* TASK DIRECTIONS
Repeat each record below exactly, dropping the pictures.

━━━ DATA SECTION ━━━

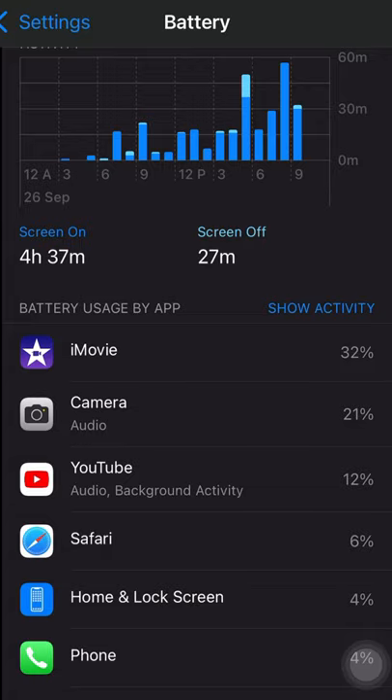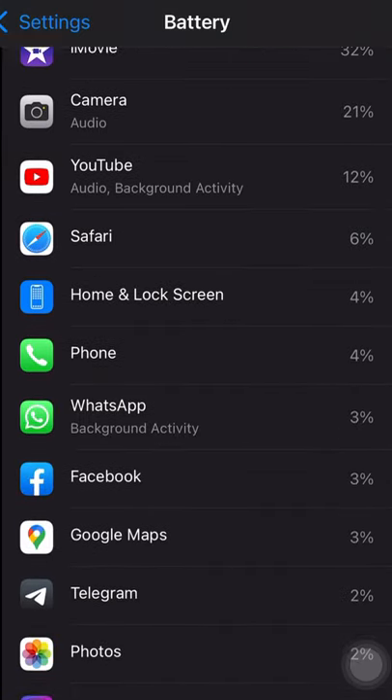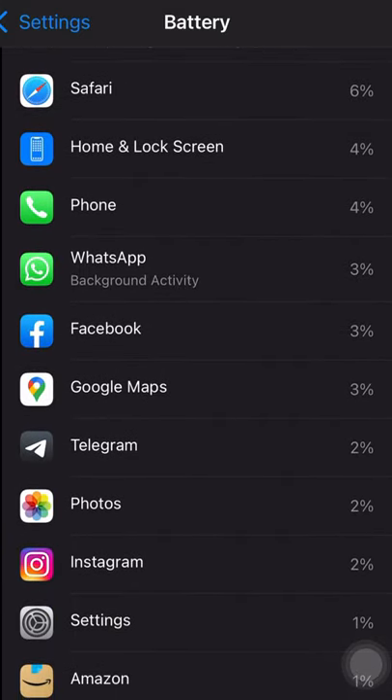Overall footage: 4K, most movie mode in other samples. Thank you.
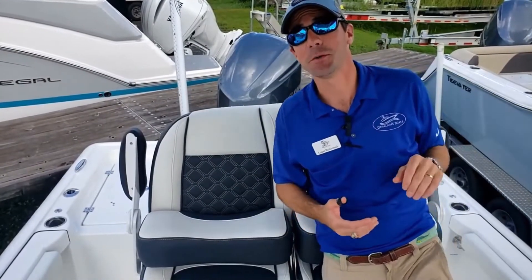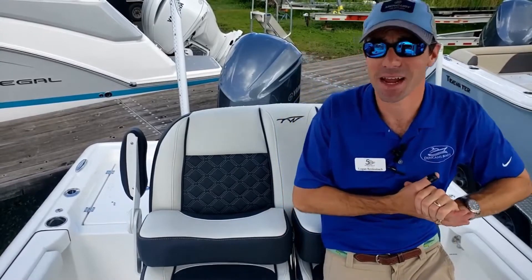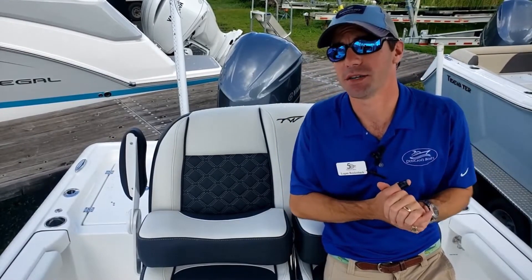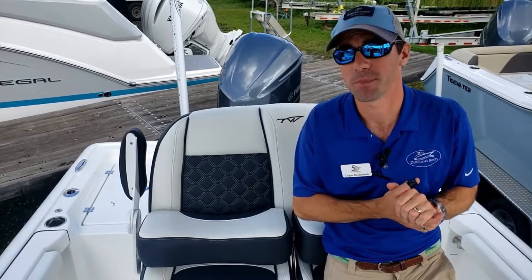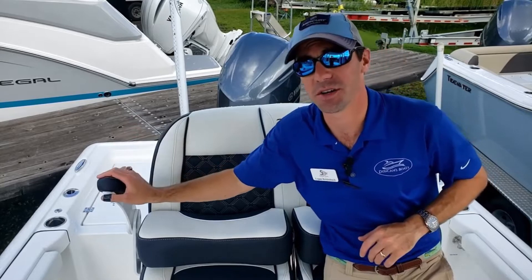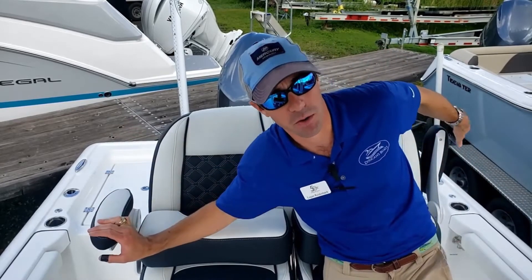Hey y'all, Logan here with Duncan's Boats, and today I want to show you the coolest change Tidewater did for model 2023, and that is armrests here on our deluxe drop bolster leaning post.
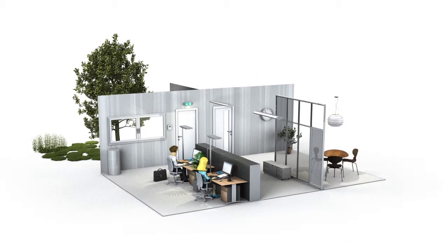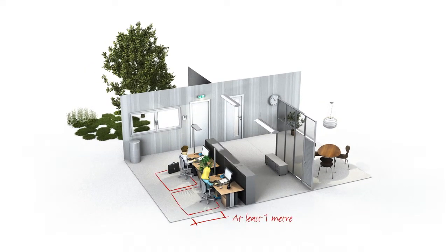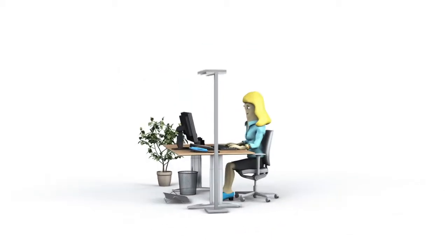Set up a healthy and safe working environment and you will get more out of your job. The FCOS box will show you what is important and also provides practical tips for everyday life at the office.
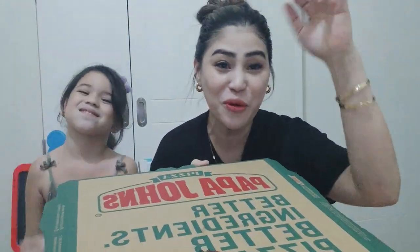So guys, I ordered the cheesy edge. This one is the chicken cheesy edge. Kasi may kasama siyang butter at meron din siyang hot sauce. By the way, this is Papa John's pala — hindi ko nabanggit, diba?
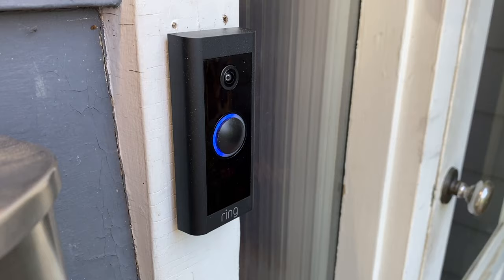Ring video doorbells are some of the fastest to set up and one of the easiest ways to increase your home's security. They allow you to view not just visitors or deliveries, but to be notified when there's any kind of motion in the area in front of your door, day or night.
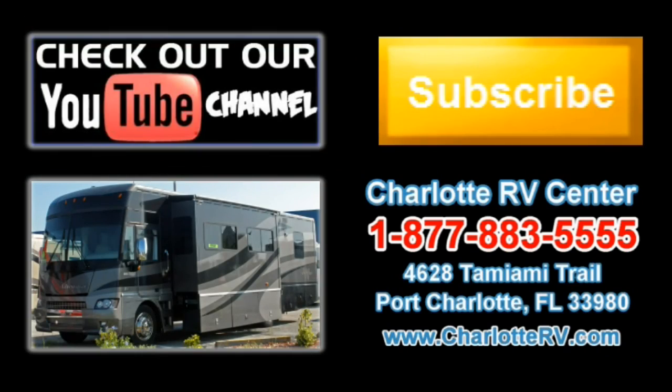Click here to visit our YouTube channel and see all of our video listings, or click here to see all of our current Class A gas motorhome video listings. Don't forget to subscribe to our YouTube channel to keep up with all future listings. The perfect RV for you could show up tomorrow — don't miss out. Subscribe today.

━━━

* REPLY TO THE TASK
Overall footage: 4K, most movie mode in other samples. Thank you.
Hey y'all, Logan here with Duncan's Boats, and today I want to show you the coolest change Tidewater did for model 2023, and that is armrests here on our deluxe drop bolster leaning post.
Set up a healthy and safe working environment and you will get more out of your job. The FCOS box will show you what is important and also provides practical tips for everyday life at the office.
So guys, I ordered the cheesy edge. This one is the chicken cheesy edge. Kasi may kasama siyang butter at meron din siyang hot sauce. By the way, this is Papa John's pala — hindi ko nabanggit, diba?
Ring video doorbells are some of the fastest to set up and one of the easiest ways to increase your home's security. They allow you to view not just visitors or deliveries, but to be notified when there's any kind of motion in the area in front of your door, day or night.
Click here to visit our YouTube channel and see all of our video listings, or click here to see all of our current Class A gas motorhome video listings. Don't forget to subscribe to our YouTube channel to keep up with all future listings. The perfect RV for you could show up tomorrow — don't miss out. Subscribe today.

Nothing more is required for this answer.